--- Supplied records Enclosed Below ---

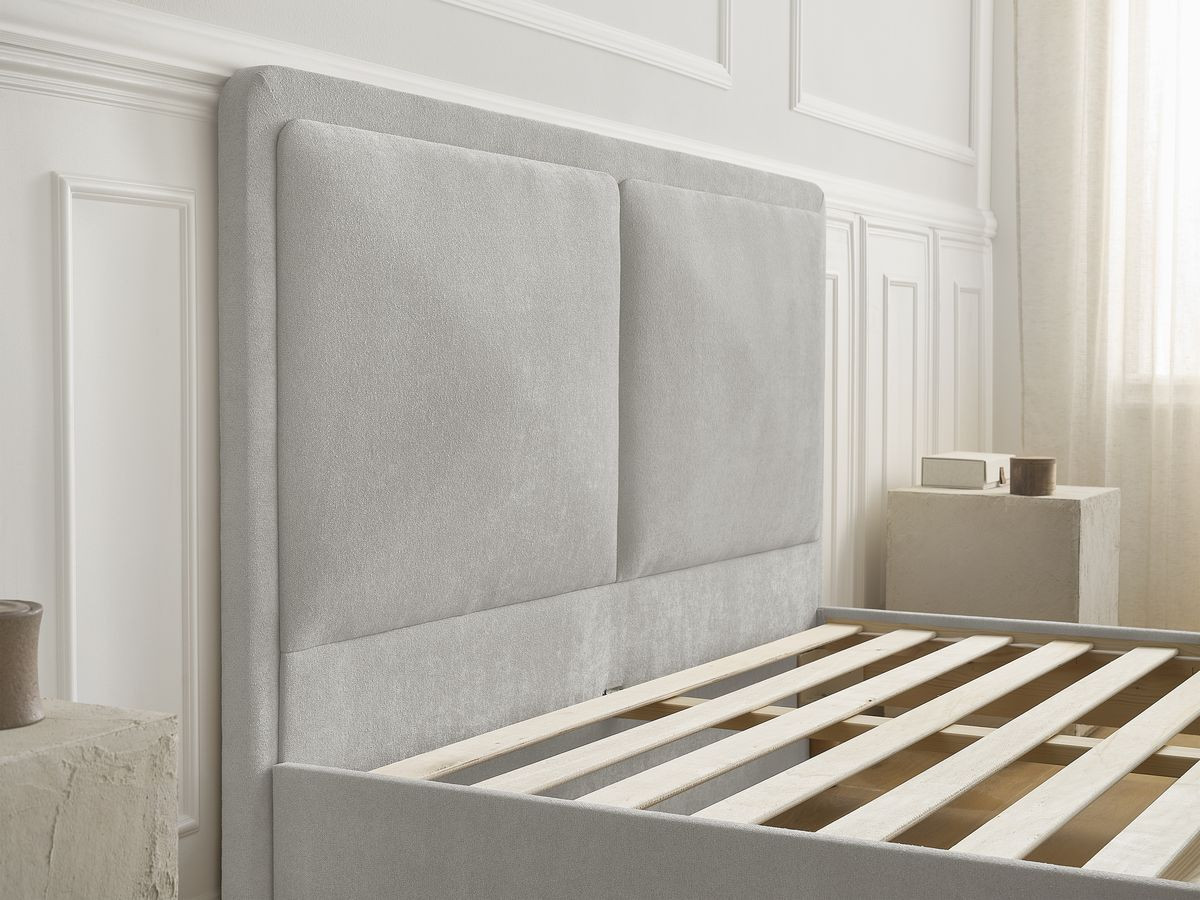 MARA bed in structuurstof met massieve lattenbodem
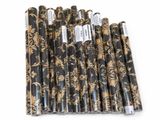un tas de pailles en papier noires et dorées empilées les unes sur les autres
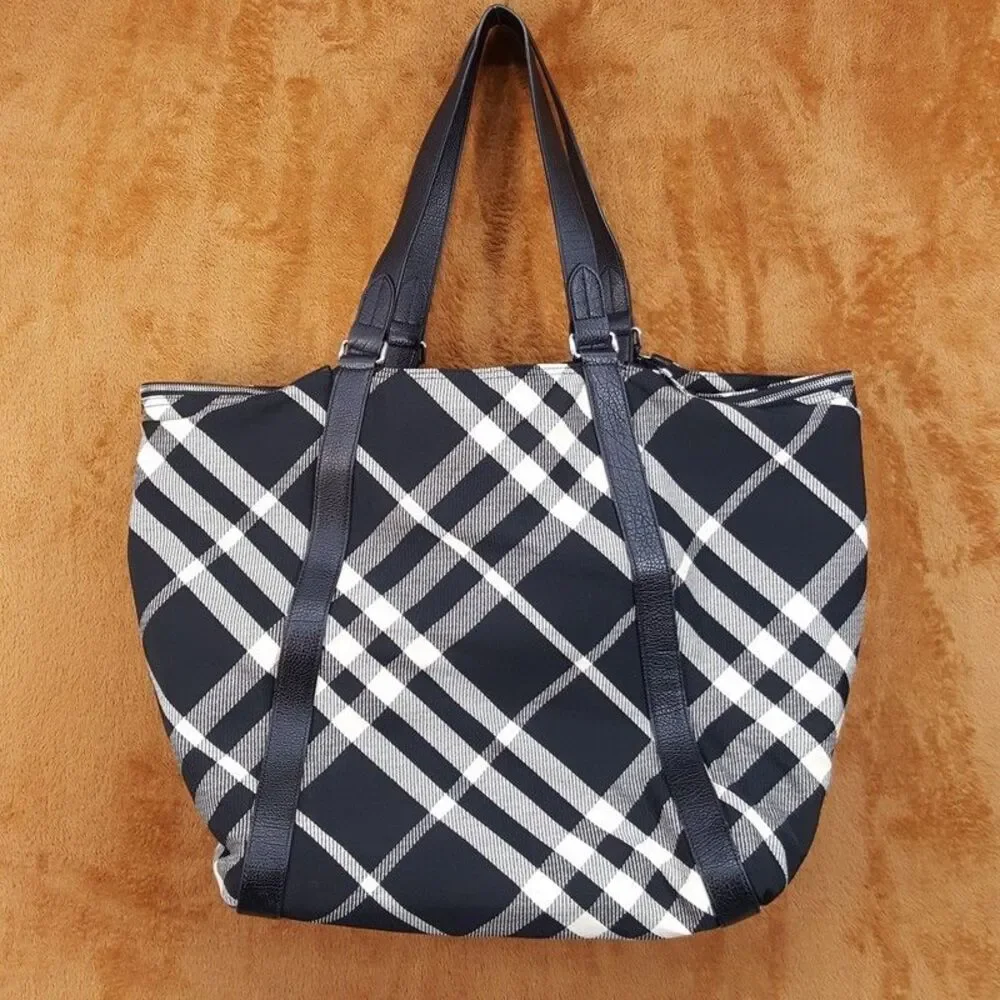 BURBERRY Field Large Check Tote Bag Black Cream Canvas Leather Trim $2290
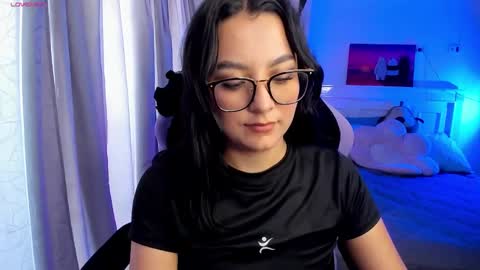 Snapshot of soy___lili chatting on 01.17.25 Lili online show from 01.17.25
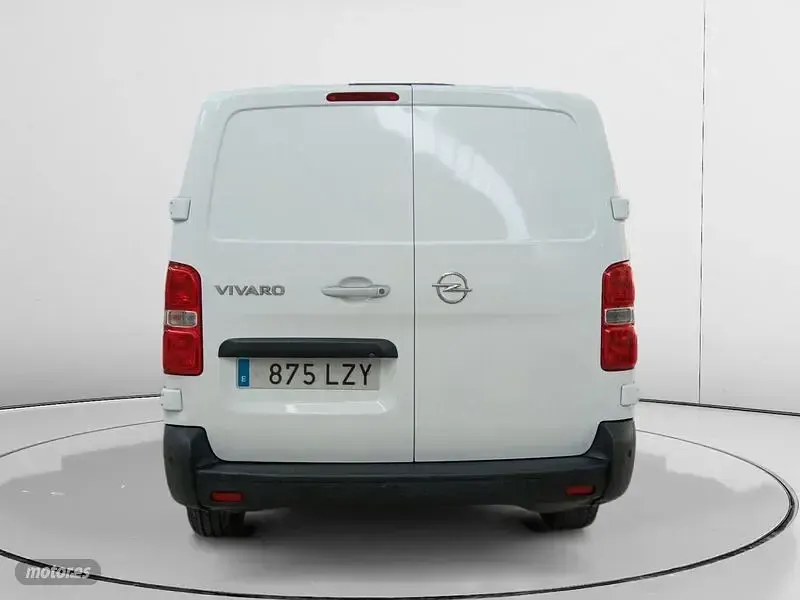 Usado Opel Vivaro 102 CV (75 kW) 2022 Blanco Monovolumen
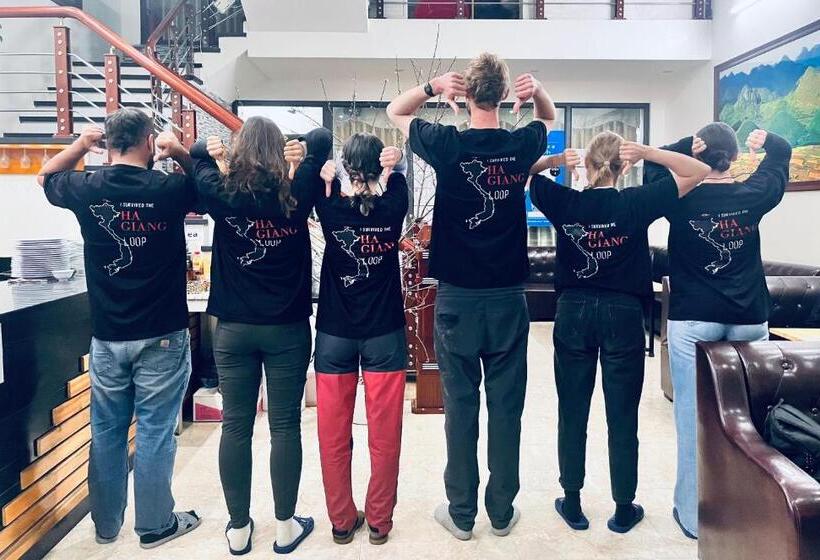 Bong Hostel Ha Giang Loop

--- End of Enclosed Supplied records ---

Without the pictures, write out every entry exactly as it appears.

 MARA bed in structuurstof met massieve lattenbodem
un tas de pailles en papier noires et dorées empilées les unes sur les autres
 BURBERRY Field Large Check Tote Bag Black Cream Canvas Leather Trim $2290
 Snapshot of soy___lili chatting on 01.17.25 Lili online show from 01.17.25
 Usado Opel Vivaro 102 CV (75 kW) 2022 Blanco Monovolumen
 Bong Hostel Ha Giang Loop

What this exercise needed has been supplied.